Perhaps your loss is a personal loss. Maybe you’ve recently been faced with the death of a loved one, a divorce, or the loss of a very special friendship. If your loss is a deeply personal one, you must approach the situation a little differently. You must be patient with yourself and give yourself time to grieve, time to mourn, time to regroup.
The stages we go through in loss, be it the death of a loved one, the death of a relationship, or the death of an enterprise, are beautifully defined in Elisabeth Kübler-Ross’ book On Death and Dying. Whether the death is a literal one or a figurative one, the stages are the same: denial, anger, bargaining, depression, and acceptance. And only by going through these stages, and reaching acceptance, can we rebound and begin again.
It’s said that children are more resilient than adults. Why? Maybe it’s because they don’t evaluate their current situation based on past experiences. They approach it in a fresh way, a new way. In their own minds, they deal with loss much better than adults.
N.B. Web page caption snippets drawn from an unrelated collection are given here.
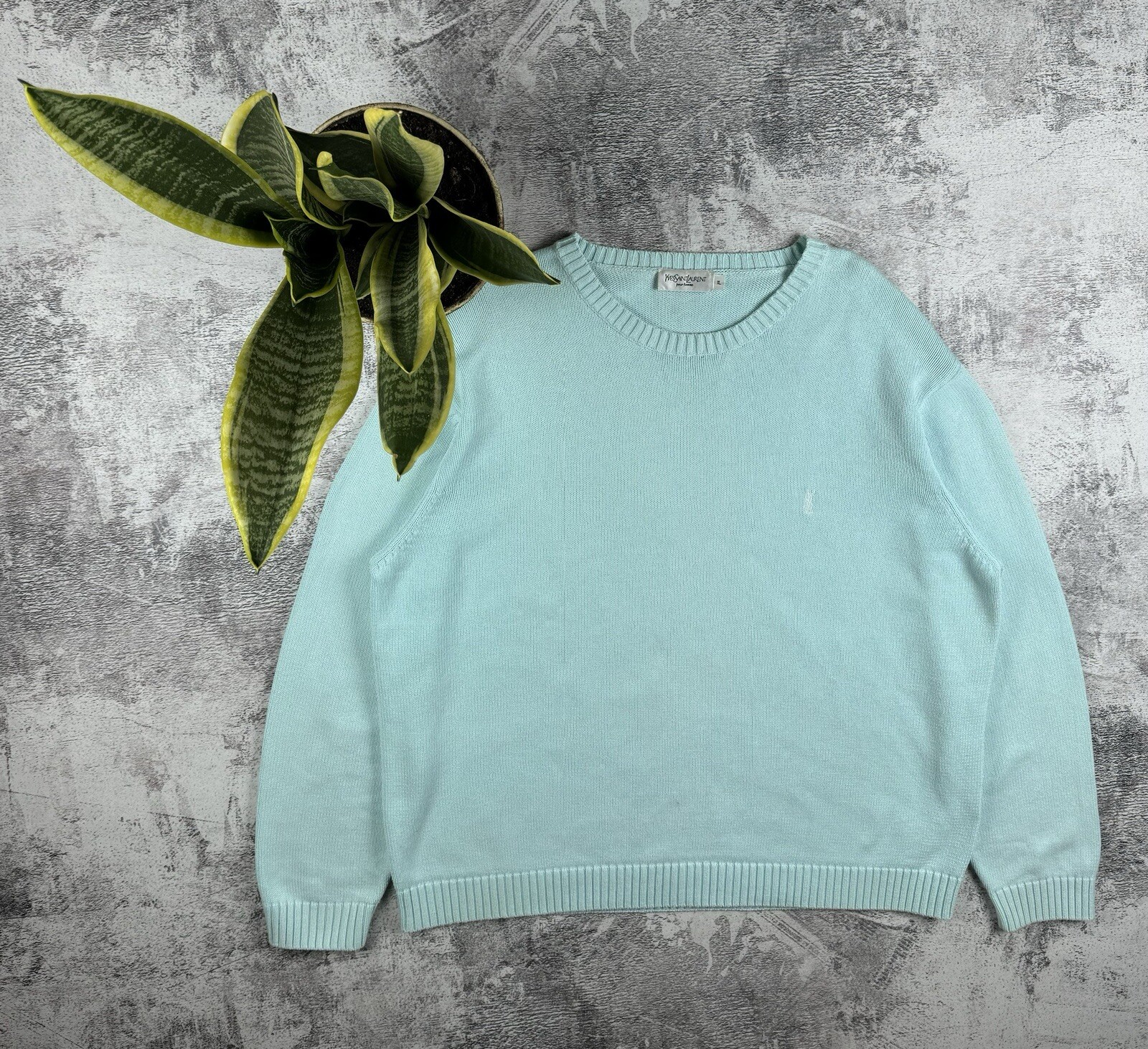 Maglione streetwear di lusso vintage anni '90 Yves Saint Laurent Paris YSL nuovo di zecca lavorato a maglia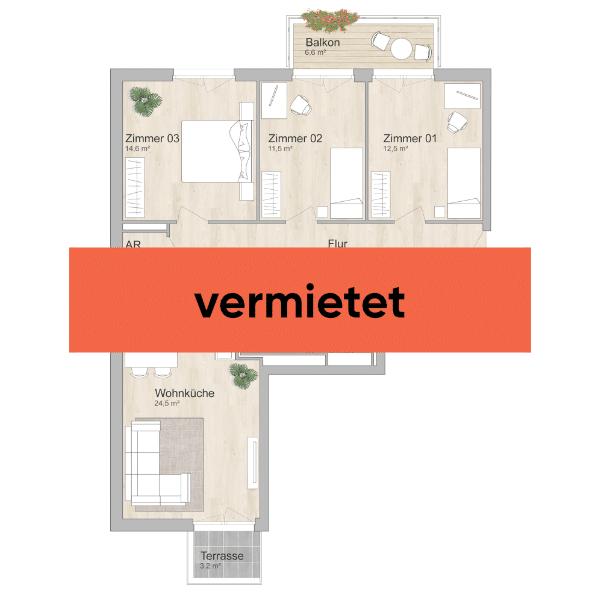 vermietet: Grundriss 4-Zimmer-Wohnung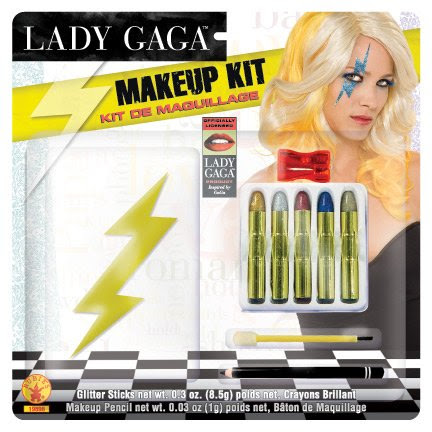  Officially Licensed Lady Gaga Makeup Kit, Lightning Bolt Stencil, 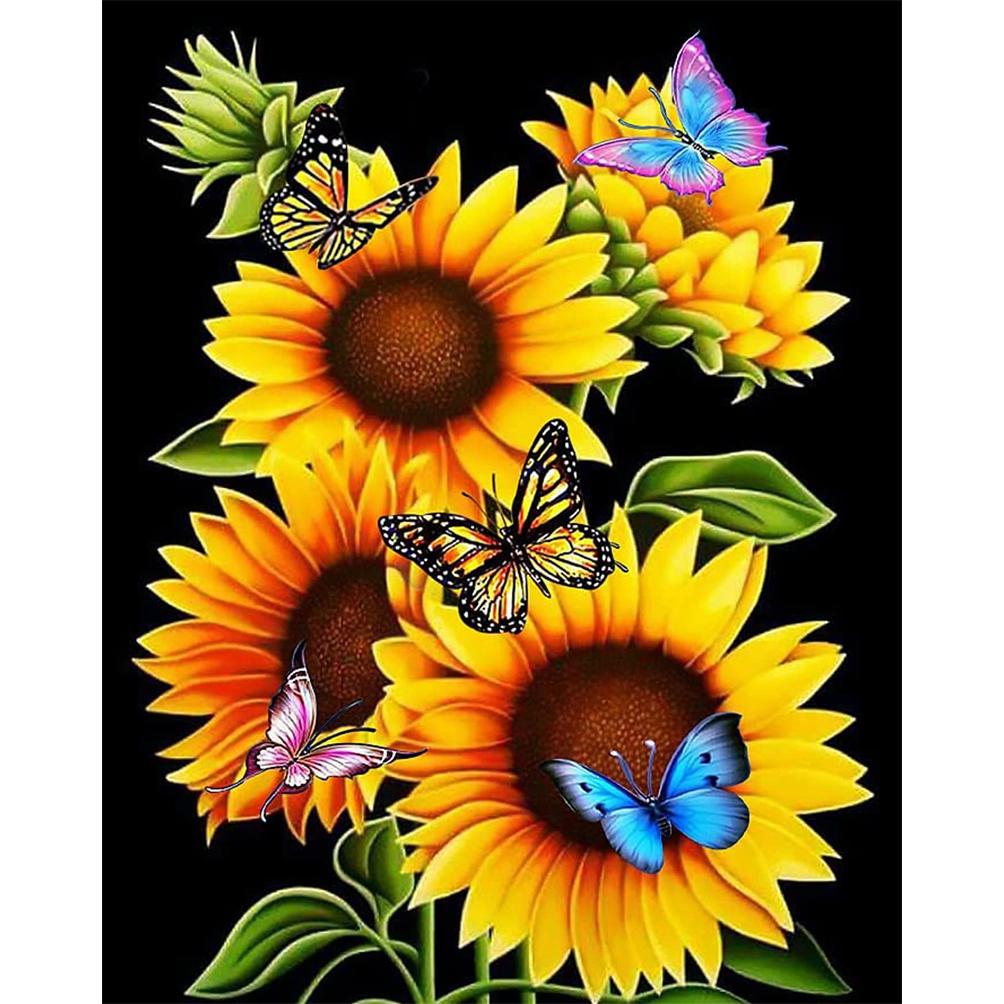 DIY Diamantové malování Krásné květiny Křížkový steh Sada Mozaikové umění Diamantové malování Plný kruh Diamant Domácí dekorace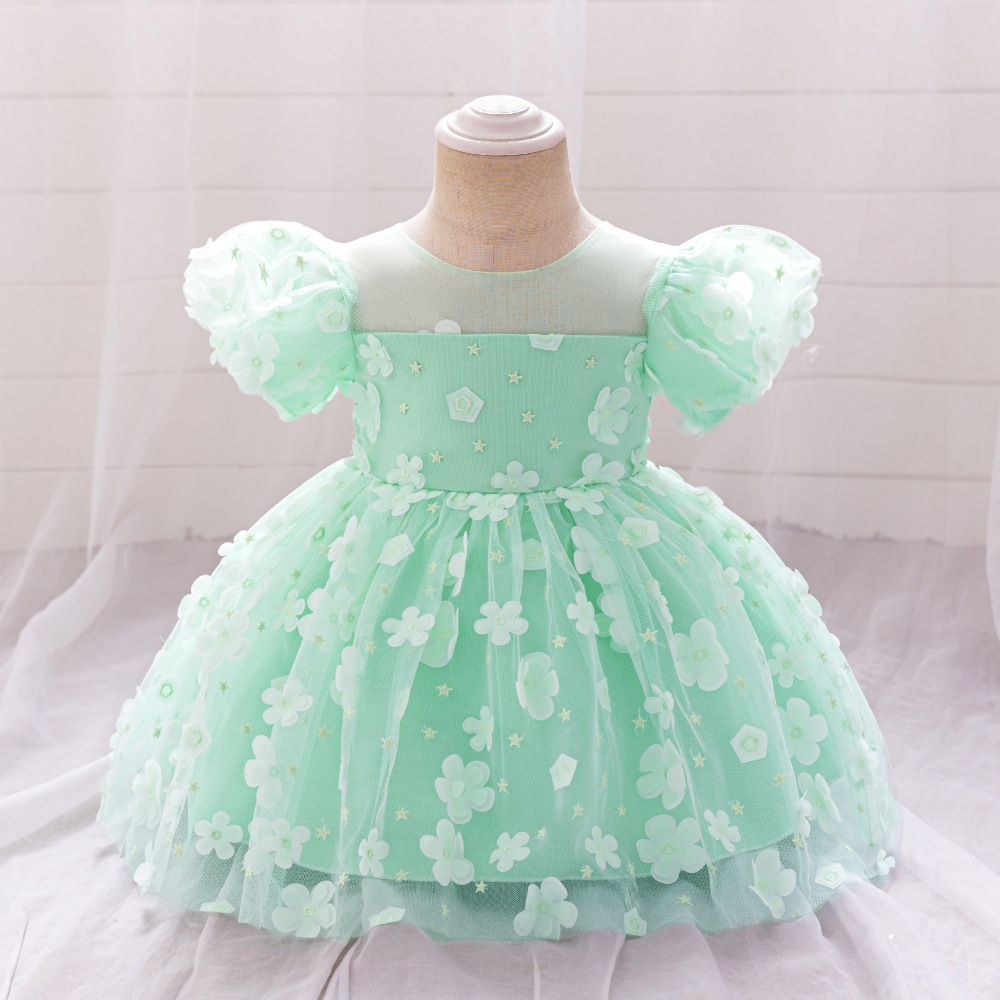 Girl's Dress Green Mori Princess Dress Children's Model Show Host Piano Dress Flower Fairy dress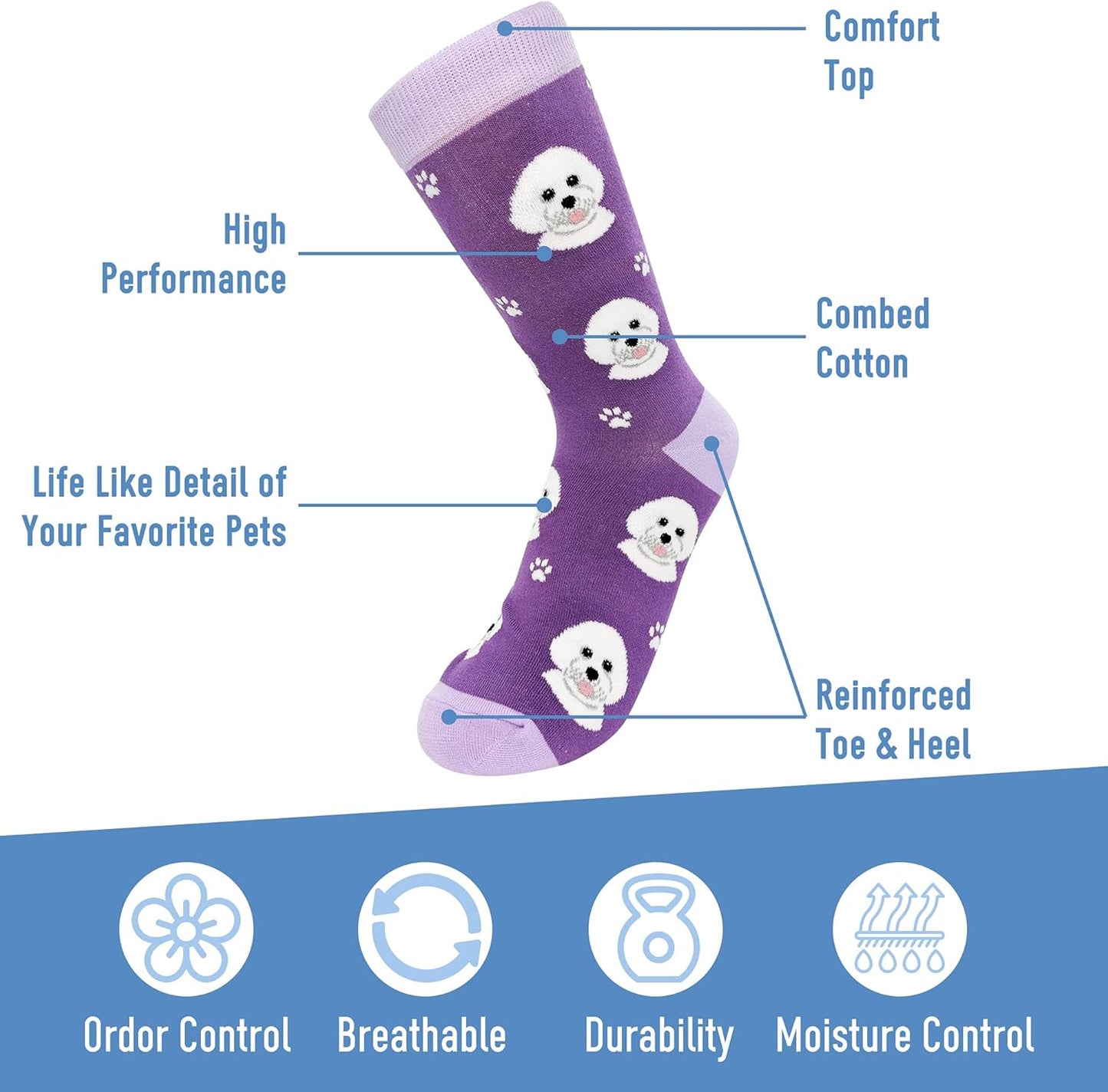 Bichon Frise Socks - Fun Unisex Socks - Crazy Pet Lover - Novelty Socks Funny Gifts for Dog Lovers - Cute Dog Pattern - Casual Crew Socks - One Size Fits most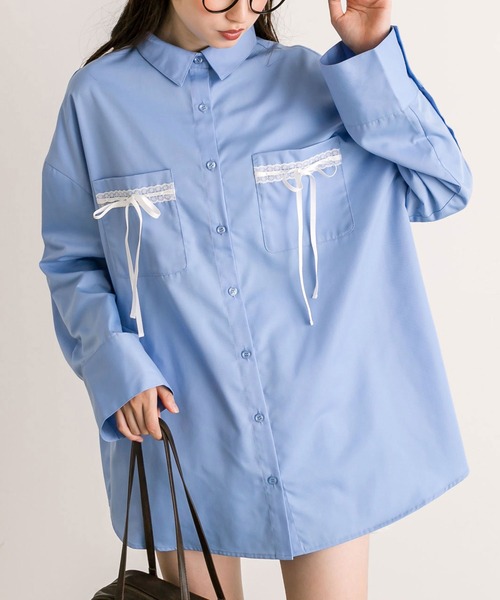 OLIVE des OLIVE（オリーブデオリーブ）の「リボンポケットBIGシャツ（シャツ/ブラウス・レディース・チャコールグレー/ベージュ系その他/グレー系その他/ブルー・FREE）」の14枚目の写真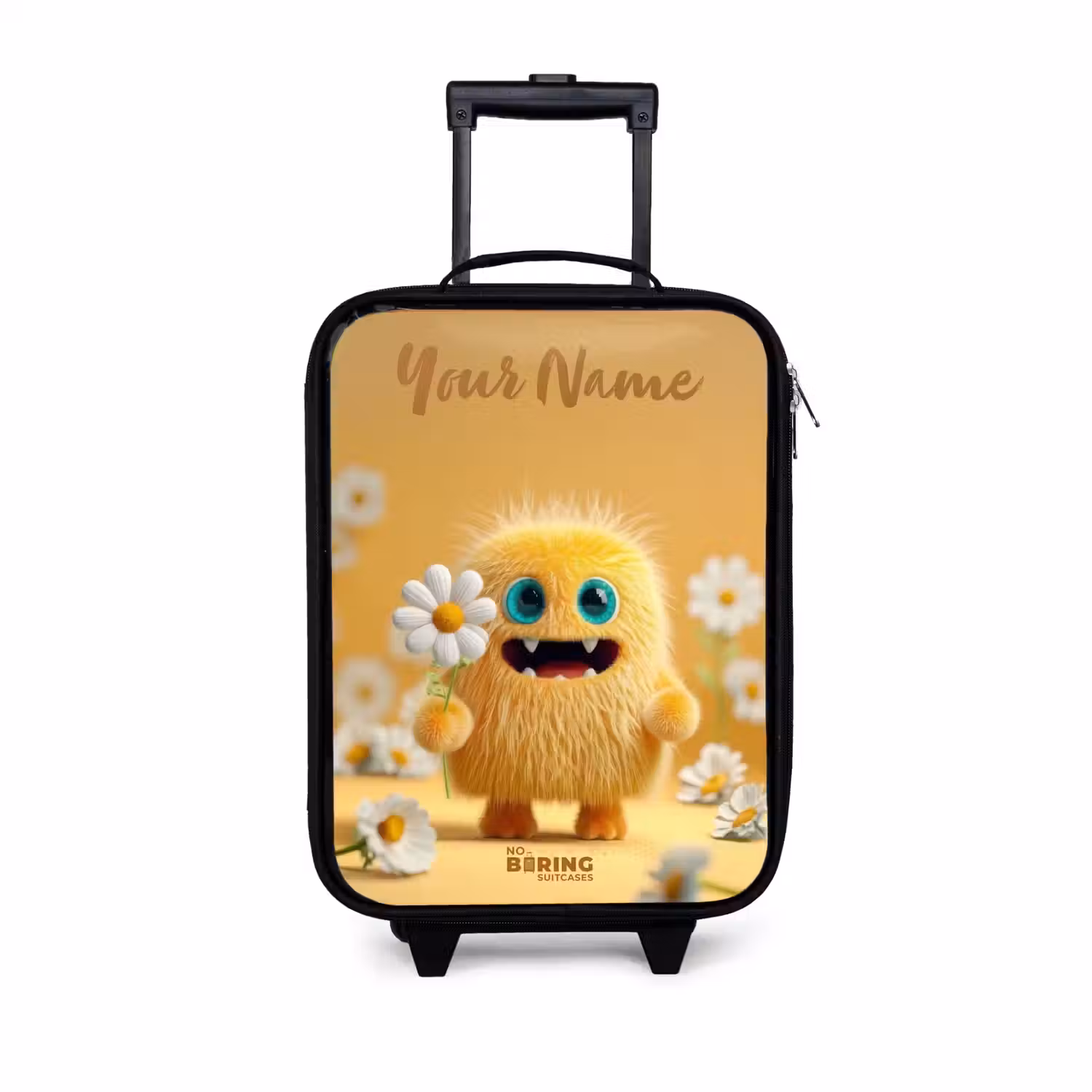 Monster - Wezen - Bloem - Geel Kinderkoffer - Zwart klein -3d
Children who grow up in the unfortunate circumstances of poverty or abuse or neglect and later become successful are known as dandelion children. If they can succeed and prosper with terrible conditions, they can grow anywhere. It’s important to be more like a dandelion child. To be able to grow and prosper and succeed, despite our current conditions. To be able to grow and prosper and succeed despite our losses. To be resilient.
Cultivating a resilient character turns what others would call failure into success. A resilient person won’t give up. A resilient person will, in spite of all obstacles and setbacks, keep doing it until.
In their book The Resilient Self, Steven and Sybil Wolin have studied resilience and have found seven key characteristics which compose it.
Number one: Resilience requires insight. You need to develop the ability to ask tough questions of yourself and be honest with your answers. If you had something to do with your loss, be honest and responsible for it.
Number two: Resilience is independent. As a resilient person, you can count on yourself to bounce back into life
Number three: Although resilience is independent, it’s also tied to others. The more people you are responsible to, the greater your motivation to begin again. The stronger the reason, the stronger the action.
Number four: Resilience calls for initiative. You need to develop the ability to take charge of the situation, to take charge of the problem. You need to stand up and do whatever is necessary to get back on course.
Number five: Resilience has an element of creativity. With resilience, you are able to look at a situation and creatively determine the best way out. You are enterprising in your approach toward starting over.
Number six: A resilient person has humor. You may cry until you start laughing, but a sense of humor is so important when turning your life around. You’ve got to take your goals seriously, and you’ve got to take yourself seriously. But you’ve also got to be able to laugh at yourself and your situation at times. Somebody says, “You’ll look back on this and laugh someday.” Well, maybe today is the day to start.
Number seven: A resilient person has a strong sense of morality. Whatever you do to get back on your feet, whatever you do to bounce back into life, make sure it’s moral. Make sure that your upcoming success is at the service of others, not at the expense of others. Success, if it is yours to keep, must be at the service of others.
The more obstacles you face and overcome, the more times you falter and get back on track, the more difficulties you struggle with and conquer, the more resiliency you will naturally develop. There is nothing that can hold you back, if you are resilient.